:: Task statement ::
Copy, word for word, the lines below from the one containing "Storage Ottoman Blanket Box Leather Oak" up to and including the one containing "Original comparison of", with pictures left out.

:: Data section ::
****************

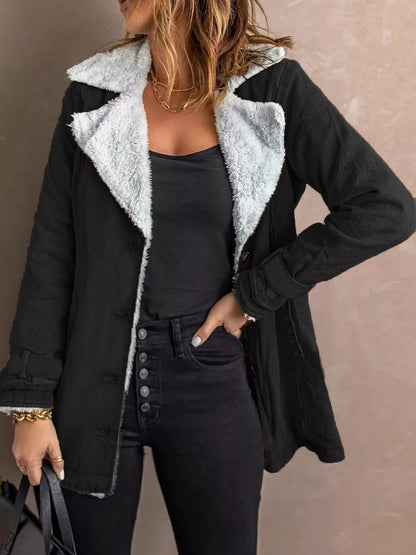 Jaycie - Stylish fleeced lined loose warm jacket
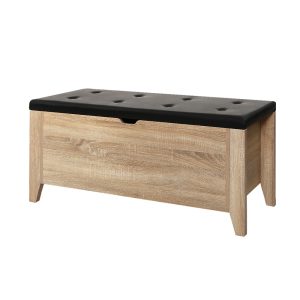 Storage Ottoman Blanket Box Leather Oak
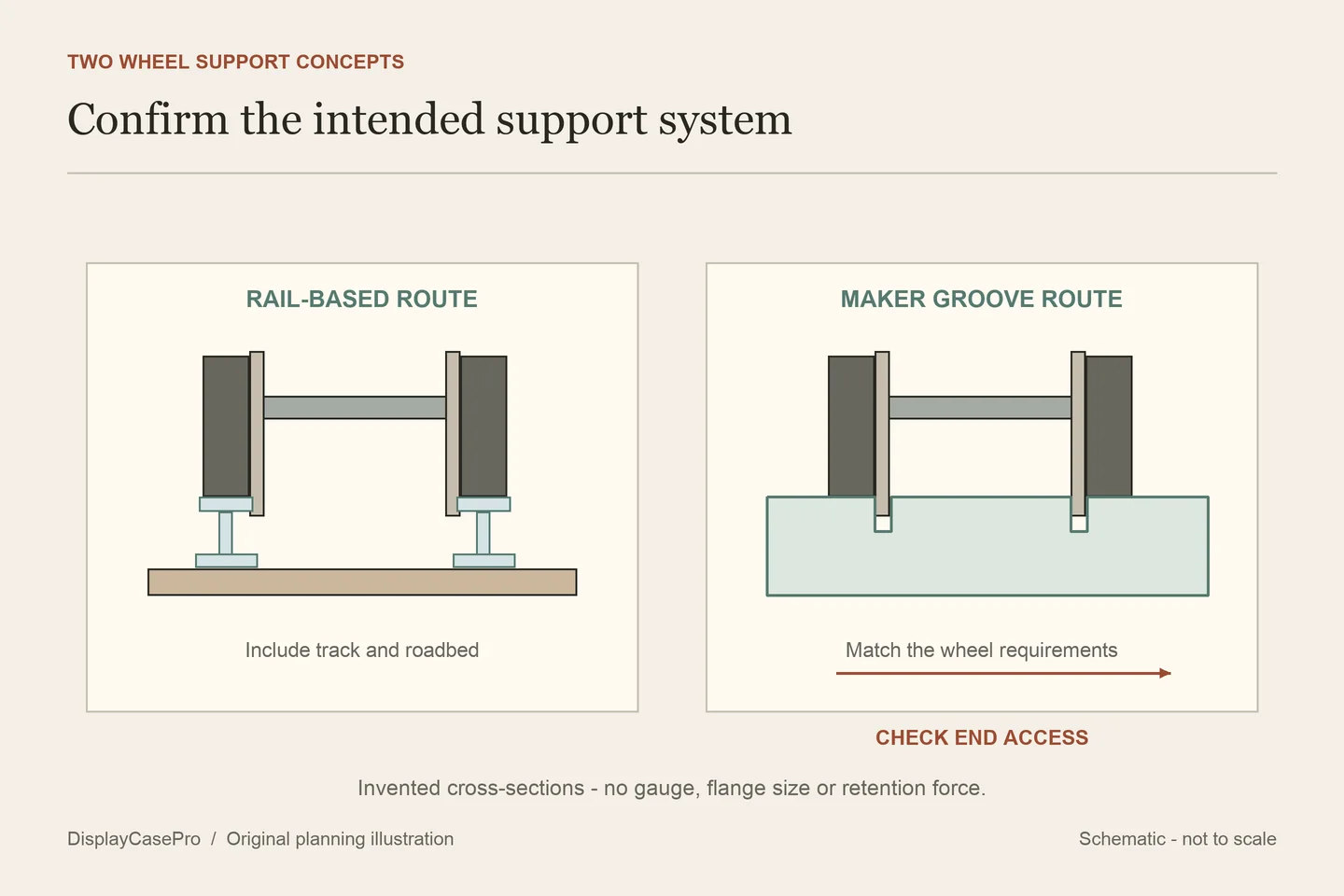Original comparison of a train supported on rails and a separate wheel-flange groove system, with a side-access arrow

****************

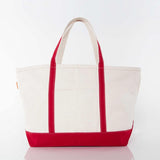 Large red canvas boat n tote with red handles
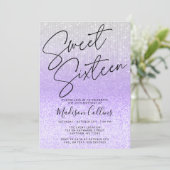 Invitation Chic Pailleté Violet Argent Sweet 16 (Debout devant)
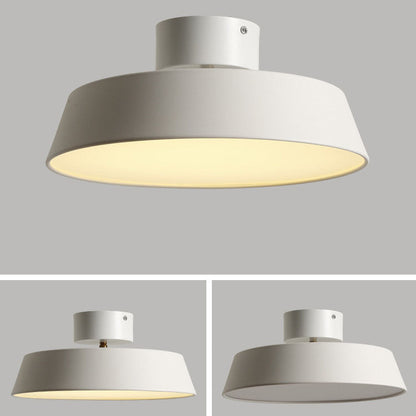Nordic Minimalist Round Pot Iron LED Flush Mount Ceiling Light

****************

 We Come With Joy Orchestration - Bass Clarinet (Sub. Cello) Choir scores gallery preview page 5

****************

:: Written answer ::
 Storage Ottoman Blanket Box Leather Oak
Original comparison of a train supported on rails and a separate wheel-flange groove system, with a side-access arrow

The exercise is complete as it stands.